私が「ノースジェッティ」と名付けた波の蔵。
千葉北は黒い砂地の地形で、
なかなかこういうトップボトムの掘れた波質にはなりずらい。
けれど、うねりの向きと強さ、
堤防横に発生する流れがサンドバンクという地形を創れば、
このようにワールドクラスのバレルとなる。
普段のここを知るものにとっては、驚喜感嘆するほどの波がある。
しかも毎日ある。
この台風9号、11号といううねりが入ったおかげで、
私の日本滞在が突然熱を帯びたようになった。
ビームスカルチャートさんの個展へのアテンド、
そしてほぼ毎日どなたかとのミーティングをこなしているのだが、
空いている時間はサーフし、そして波質が良いため、
できる限り身体のコンディションを整えるようにしている。
先日20歳代に大好きだった波にたっぷりと乗り、
その頃の自分が蘇ったことはここに書いた。
https://www.nakisurf.com/blog/naki/archives/64347
あの日、時間的にも体力的にも無理して海に行って良かった。
大雨警報だったけど、波に向かって良かった。
そう断言できるほど私は波乗り世界に満たされている。
それら波から得た記憶やインスピレーションが現在の燃料となってピカピカに生きている。

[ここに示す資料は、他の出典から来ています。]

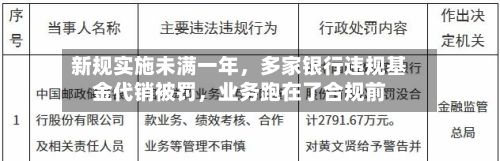 新规实施未满一年，多家银行违规基金代销被罚，业务跑在了合规前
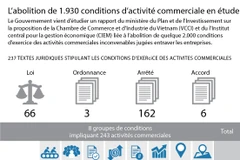 [Infographie] L’abolition de 1.930 conditions d’activité commerciale en étude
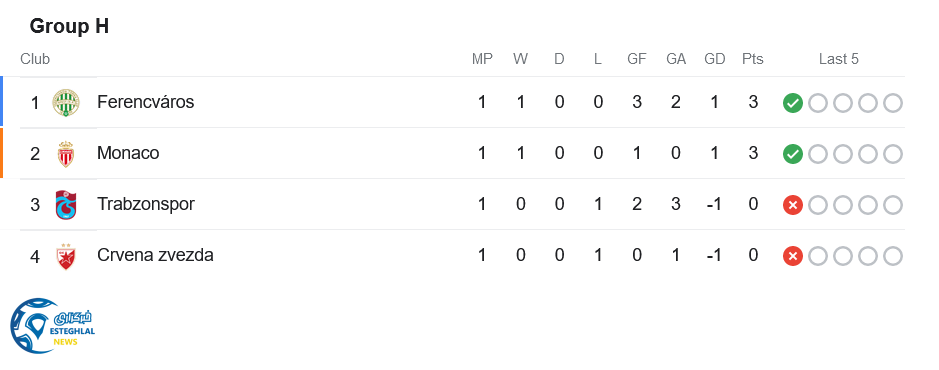 جدول رده بندی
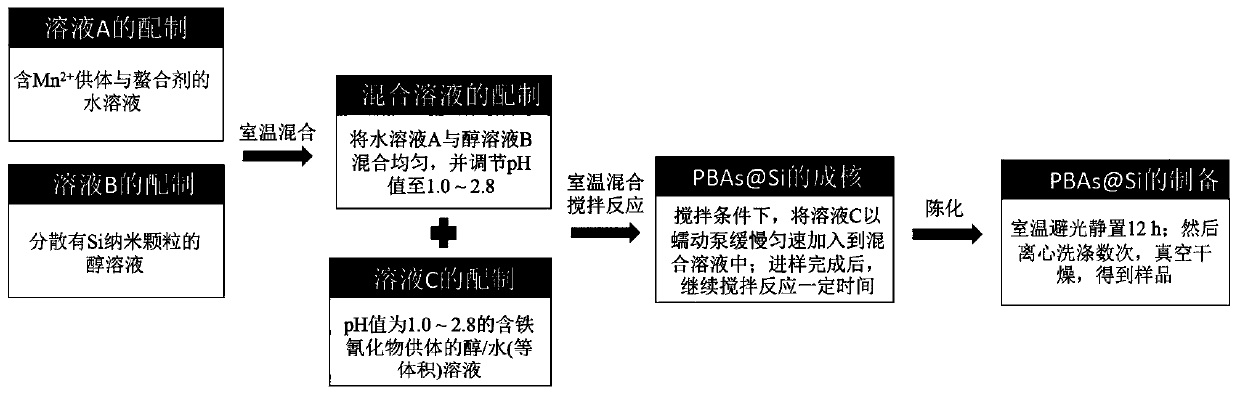 A kind of Prussian blue composite silicon negative electrode material and preparation method thereof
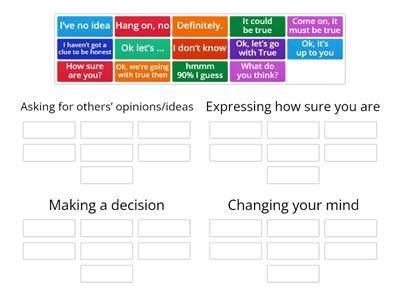 Expressing certainty or uncertainty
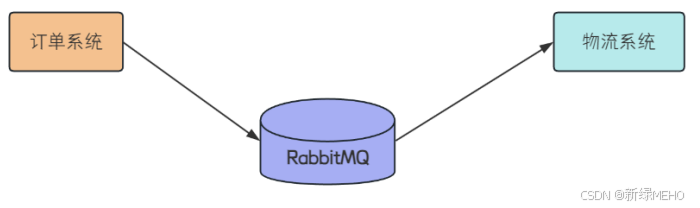 详解SpringBoot+RabbitMQ完成应用通信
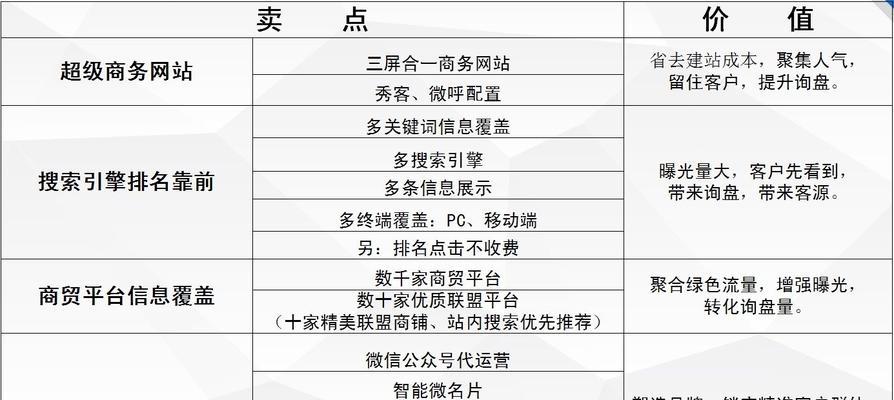 临沂网站如何推广？有哪些有效的推广方法？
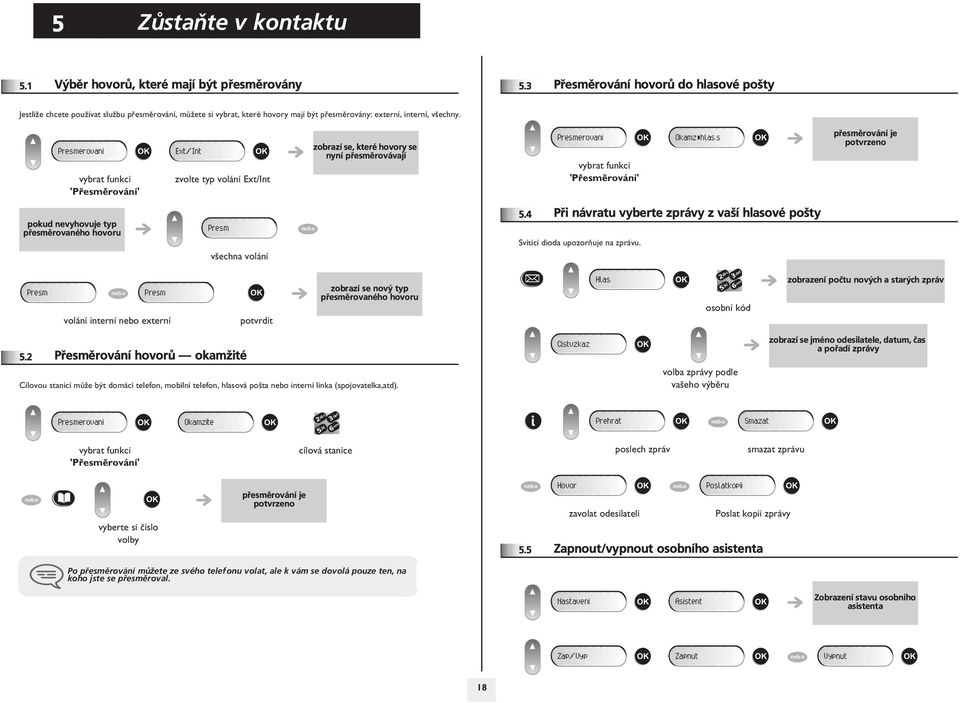 Presmerovani Ext/Int vybrat funkci 'Pøesmìrování' zvolte typ volání Ext/Int zobrazí se, které hovory se nyní pøesmìrovávají Presmerovani Okamz»hlas.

そう考えると波乗りって、遊びを超えた何かなのだと思う。
私はすでに競技サーフィングを支持していないので、
波に乗ることはスポーツではないし、遊びというには辛く、過酷な面もある。
しかしライフスタイルとするほど、軟弱ではないし、
こう書いていくと昨日の続きみたいになるけど、
これだけサーフにどっぷりはまっていると、
つまりーーもうほとんど残されていない体力を振り絞って、
電車を待ち、つり革につかまって、それから階段をよじのぼり、乗り換えをして、
駅からたっぷり歩いて仕事先の人にお会いして、
それからまた長い距離の電車に乗って、千葉に戻り波に乗っているとーー
波乗りの何か違う側面が見えてきた。
それは「欲求を超えた何か」なのだと思う。
波に乗りたい
そんなことを超えた何かだろうか。
「波に乗り続けて、次に見える世界」
そんな新世界のドアを探しているのだとわかった。
心境は夢心地でもなく、あいまいでもなく、
次のドアは目の前にあって、体の芯を振り絞れば、
鍵の開いたドアが見え、それを開ければ、そこには新世界が広く拡がっているのだろう。
そしてそこは波乗りの新世界ではなく、自分の人生の新世界である気がする。